Mi hermano hasta le había puesto un nombre: 'El Testigo'. Porque decía que ese árbol lo
veía todo.”
Sin embargo, no todas las historias eran alegres...Alguna vez, alguien —nadie quiere
decir el nombre— quizá por miedo, respeto a la familia o simplemente porque desconoce la
razón, comentó que un vecino de la zona, se quitó la vida bajo las ramas de esa planta.
Algunos vecinos, cuentan que fue al atardecer, cuando el ceibo parecía arder con las
últimas luces del sol, el pueblo quedó en silencio, y un grito estremecedor sacudió al barrio.
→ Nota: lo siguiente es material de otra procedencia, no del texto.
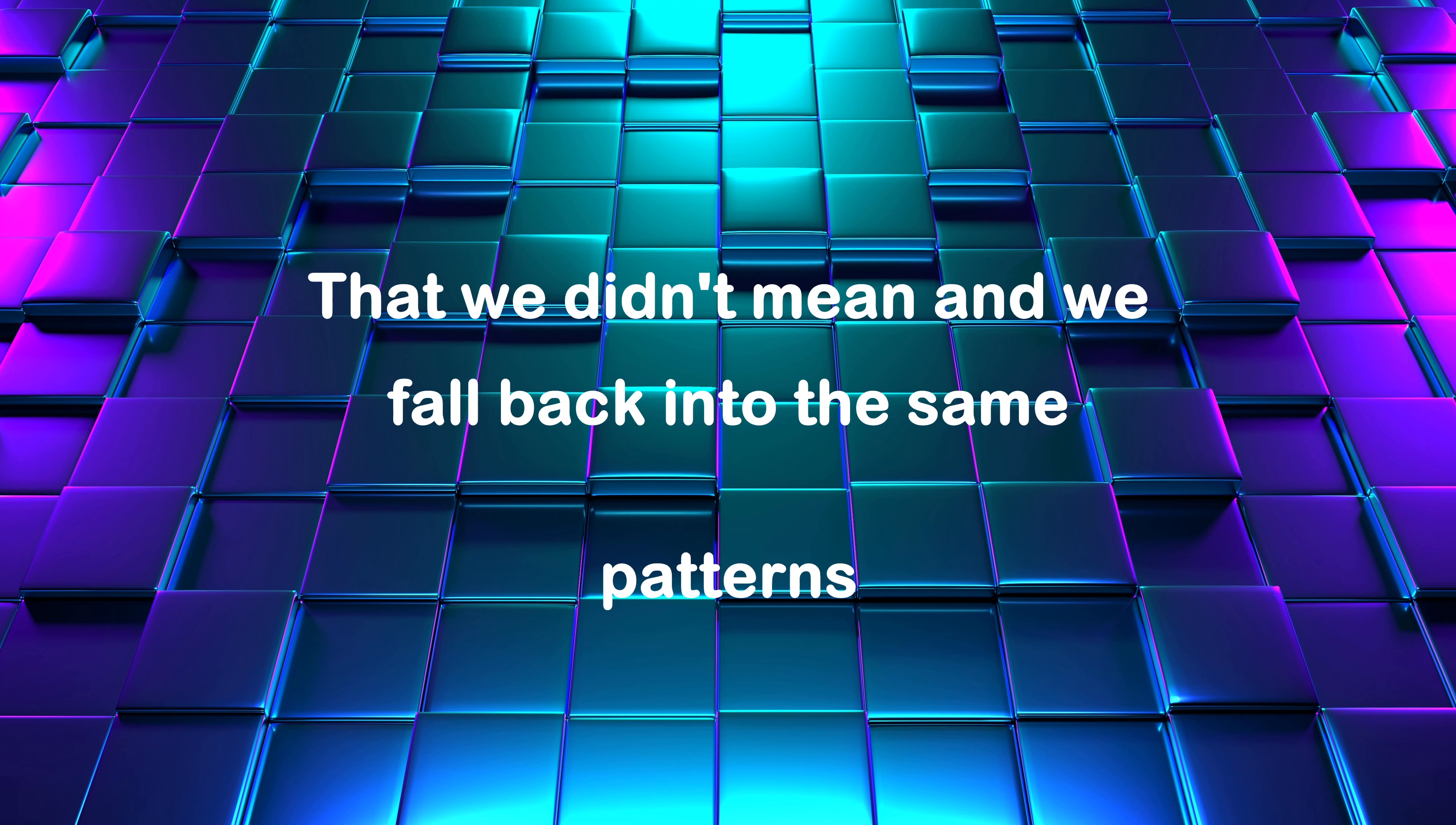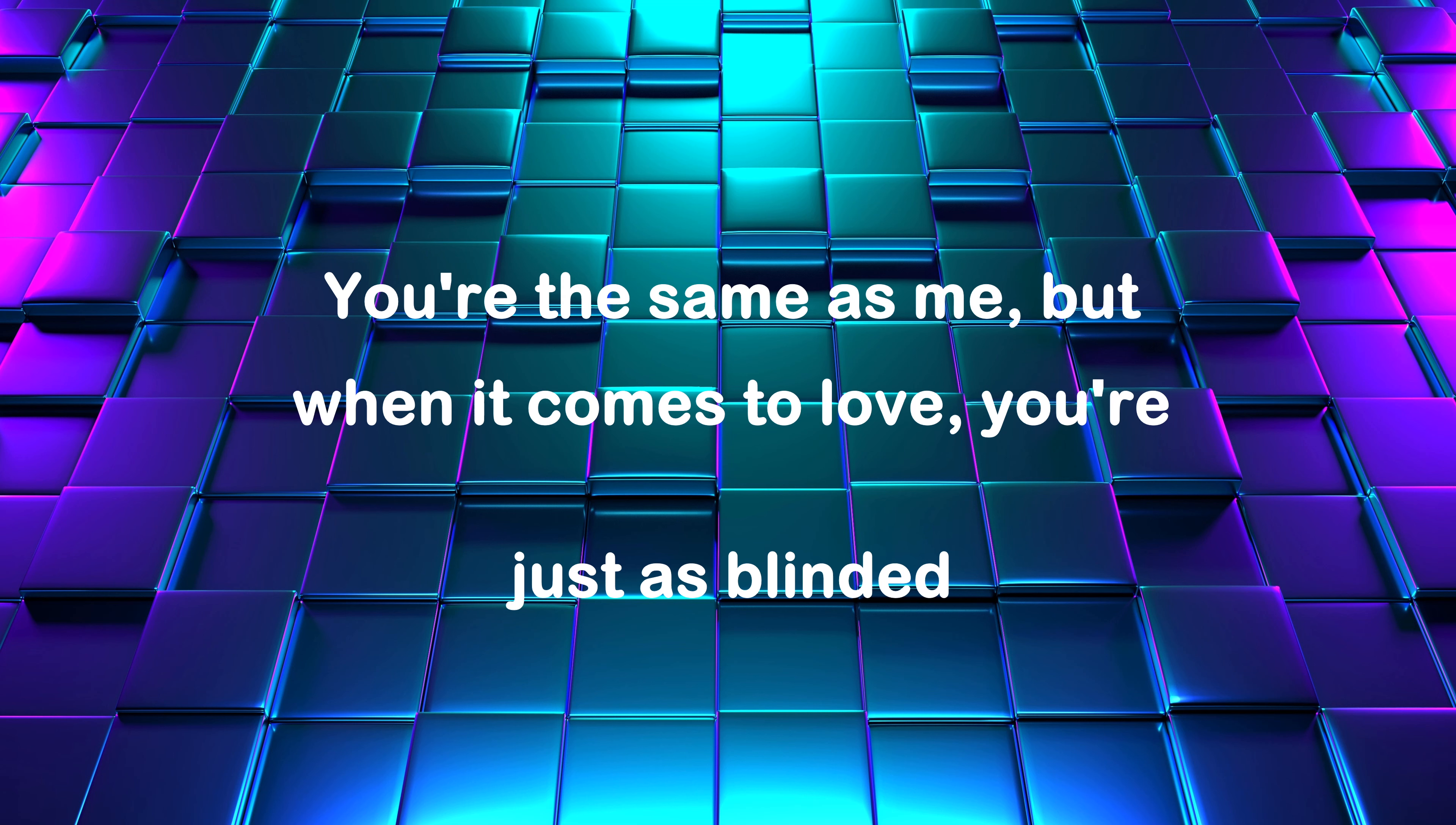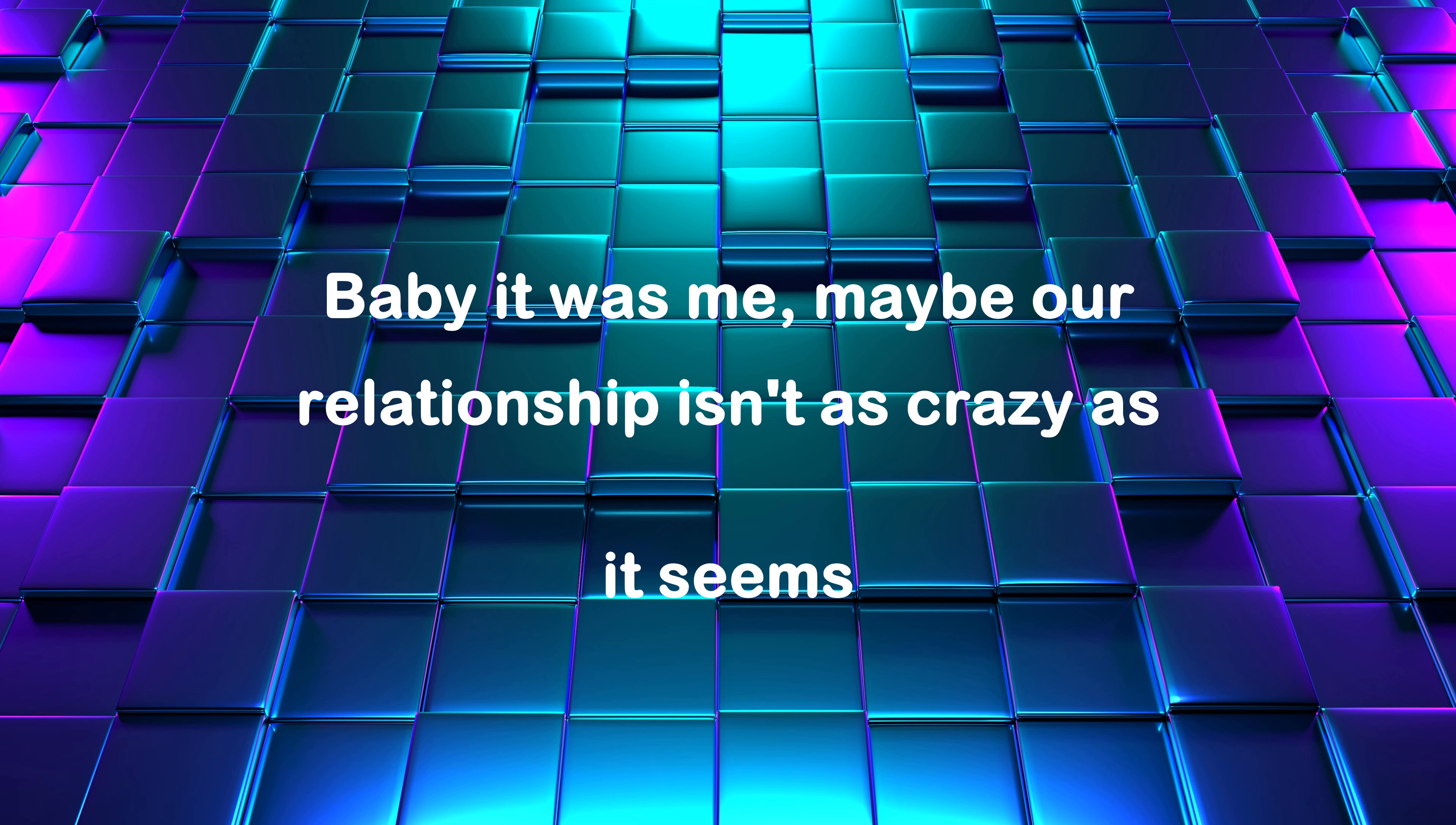Now I know we said things, did things that we didn't mean, then we fall back into the same patterns, same routine. But your temper's just as bad as mine is, you're the same as me when it comes to love, you're just as blinded.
La esposa que buscaba a su pareja, vio la escena desgarradora, y no logró contener su
dolor. Desde entonces, algunos evitaban pasar de noche por ahí. Otros decían que, en
noches sin luna, se podía ver una sombra sentada al pie del árbol, como esperando algo.
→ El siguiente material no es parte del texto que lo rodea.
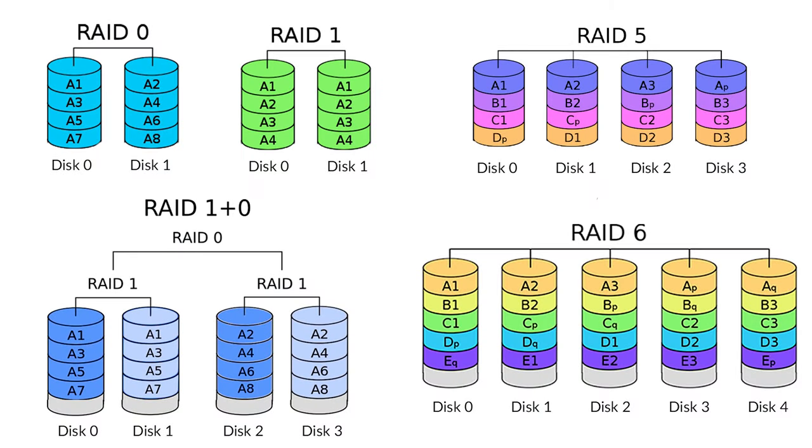At the moment, there are about 15 RAID types around, or maybe more, if we consider the outdated versions. Of all the possible variations, the most widespread types are RAID 0, RAID 1, RAID 10, RAID 5, and RAID 6.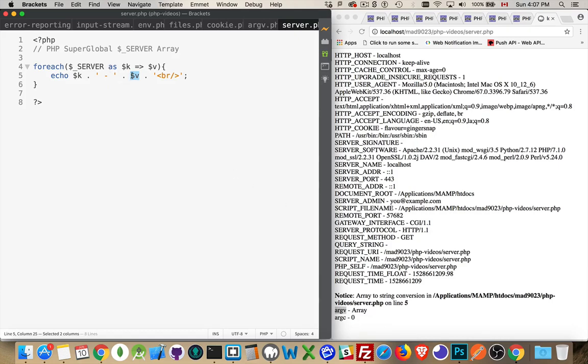But this one, when we get down to argv, it's an array, so it's giving us an error.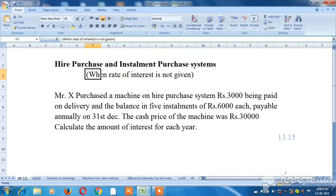Hello friends. What are we going to talk about? Higher purchase and installment purchase system. In the last video, we talked about the higher purchase system. In this video, we will talk about the rate of interest and its calculation.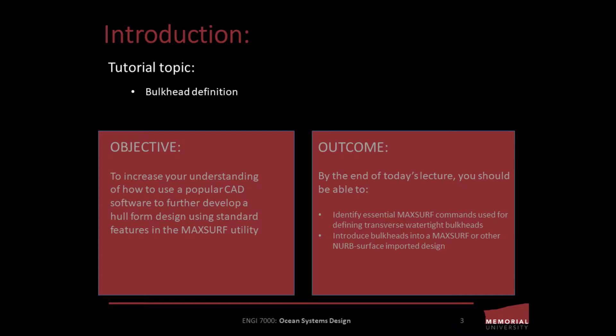By the end of today's lecture you should be able to identify essential MaxSurf commands used for defining transverse watertight bulkheads, and introduce bulkheads into a MaxSurf or other NURB surface imported design.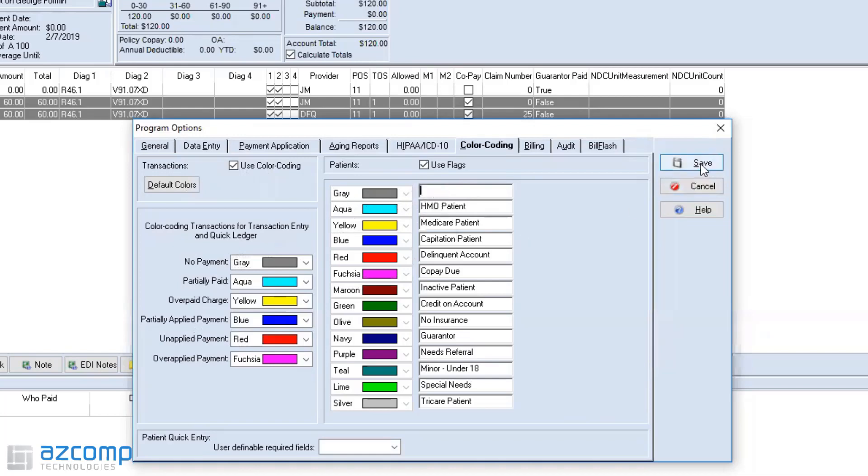Once you do all that, if you just hit Save, it'll save anything that you have in here, whatever you've typed and whatever color you've selected.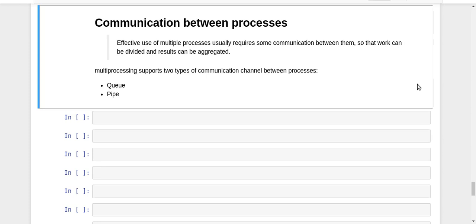First of all, we need to understand that there is a difference between sharing data and communication. In the case of sharing data, we have data at a particular place in memory and multiple processes can either access that data or update it.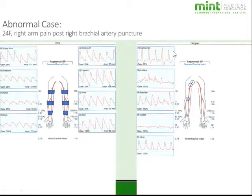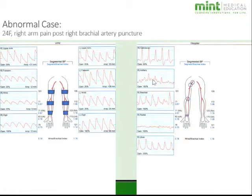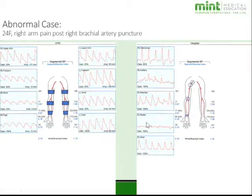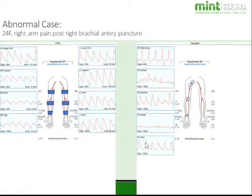Looking at the same patient's Doppler waveforms, we see multiphasic flow proximally, but the radial artery is nearly flatlined. However, there is pretty good ulnar artery flow, suggesting near occlusion of the radial artery, possibly with some collateralization through the ulnar artery.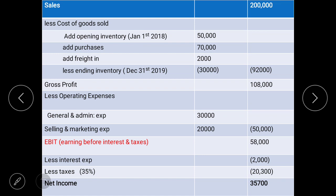After that, you list the operating expenses — general and administration expenses, and selling expenses. General and admin expenses include salaries, rent, bills, advertising, building maintenance and repair, and other such expenses. Selling expenses are the advertising and promotional activities done during the year to sell your product. After subtracting operating expenses, you get EBIT — earnings before interest and taxes. Then when you subtract interest expenses and taxes, you get your net income.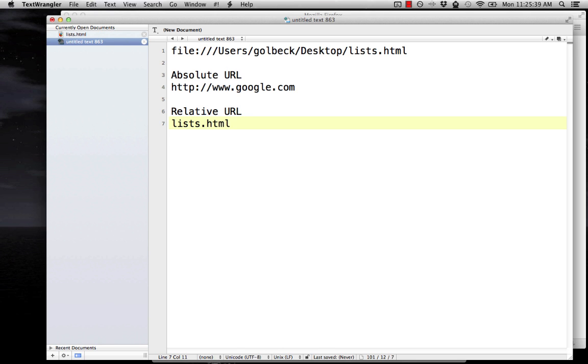You can also point to other directories. I'm not going to get too deep into that now. In general for this class and practice that will make your life easier is you should put your files that are for a specific website all in a single folder. When you make more complicated websites, of course, that doesn't work. But if you're making simple websites, put everything in the same folder.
Otros, que al pasar por allí sienten una profunda tristeza. Creen que es el alma de esa
persona. Los abuelos antes creían que si alguien se quitaba la vida, el alma se quedaba en
la tierra ‘penando’. Muchas son las versiones de esa historia, pero nadie quiere revelar el
verdadero misterio detrás de esa muerte. Los años pasaron, y el ceibo siguió. Quieto,
silencioso, creciendo fuerte.
Cuando finalmente se construyó la Escuela BOP 32, muchos pensaron que lo talarían.
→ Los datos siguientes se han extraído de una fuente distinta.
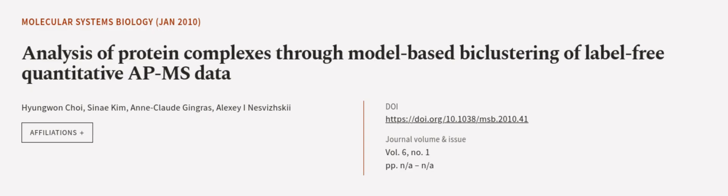This article was authored by Hyungwon Choi, Sinae Kim, Anne-Claude Gingras, and others. We are article.tv, links in the description below.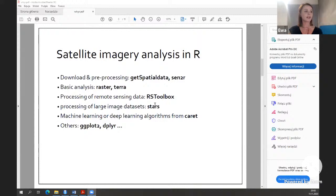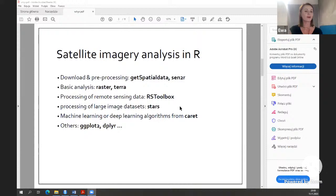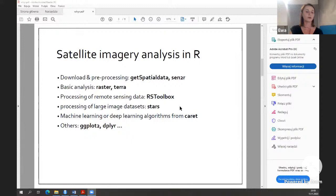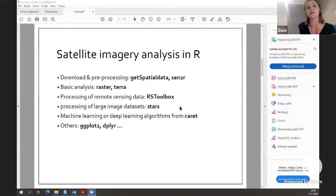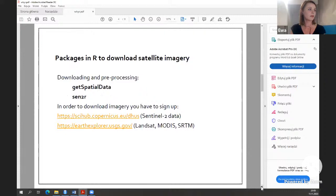There is one package designed specifically for remote sensing data called RStoolbox — it's very popular and nice. For more advanced calculations, such as large image datasets or time series, you can use the stars package. If you want to classify images with machine learning or deep learning algorithms, you would use packages like caret or similar. You can also analyze data frames with reflectance values using packages like dplyr, or visualize values with ggplot2. The list of packages is very large — these are the ones I know and use.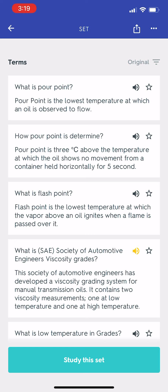What is the Society of Automotive Engineers viscosity grading system? The Society of Automotive Engineers has developed a viscosity grading system for manual transmission oils. It contains two viscosity measurements: one at low temperature and one at high temperature.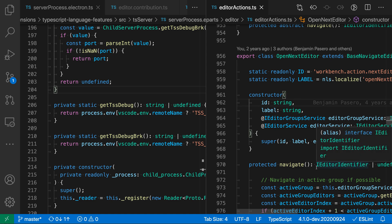These commands work across editor groups and again you can cycle through the list. When you hit the end or the beginning of the list it'll actually loop back around.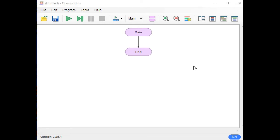Hello there everyone, this is your friend Jake, and in this tutorial video, I will teach you how to create a simple program that uses flowchart. This program we will be using Flowgorithm.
Pero no. -dicen que fue un maestro joven, el famoso director Juan Domingo Barczuk—
quién insistió en conservarlo. “Ese árbol tiene historia”, dijo. Y así, el ceibo se quedó, esta
vez como guardián de un nuevo capítulo.
Hoy, los varones que tienen Educación Física, se refugian en su sombra, cuando hace
mucho calor. Las flores caen sobre mochilas, cuadernos y sueños. Y aunque ellos no
conozcan todas las historias que esconde ese tronco torneado, el ceibo las recuerda por
ellos.
La portera, doña Tere, es una de las primeras en llegar cada mañana, antes que el sol
se levantara del todo. Siempre pasaba un rato frente al ceibo, como saludándolo. Ella no
solo cuidaba puertas, también cuidaba historias. “Acá, donde ahora ustedes hacen fila para
izar la bandera”, les decía a los chicos, “antes los vecinos venían a plantar. Mandioca. Con
lluvia o con sol, cavaban con palas viejas, sembraban a mano y compartían el mate bajo
ese mismo árbol, el ceibo”
Contaba que las familias del barrio traían a sus hijos a ayudar, que se escuchaban risas
entre surco y surco, y que el ceibo era como un centinela silencioso, vigilando las cosechas
y los juegos. Algunos decían que las flores del ceibo caían justo cuando la mandioca estaba
lista para arrancar. “Era como si el árbol avisara”. “Por eso este lugar tiene fuerza”,
afirmaba. “Porque fue trabajado con manos buenas, sufrido con lágrimas reales y ahora,
lleno de risas nuevas. Y el ceibo... el ceibo lo vio todo.”
Los estudiantes, al principio, no le prestaban mucha atención. Pero con el tiempo,
algunos comenzaron a mirar al árbol con otros ojos. No faltaba quien, antes de una
evaluación, pasara la mano por su corteza como buscando suerte. O quien, en silencio, se
sentara bajo sus ramas a pensar, a escribir, o simplemente a pasar el tiempo con alguien,
compartir un tereré o mate.
Y así, en medio del ruido, de las historias mal contadas y de los rumores de un nuevo
barrio que crecía a pasos agigantados, el ceibo sigue allí.
Firme.
Vivo.
Guardando secretos.
Contando historias con cada flor que cae.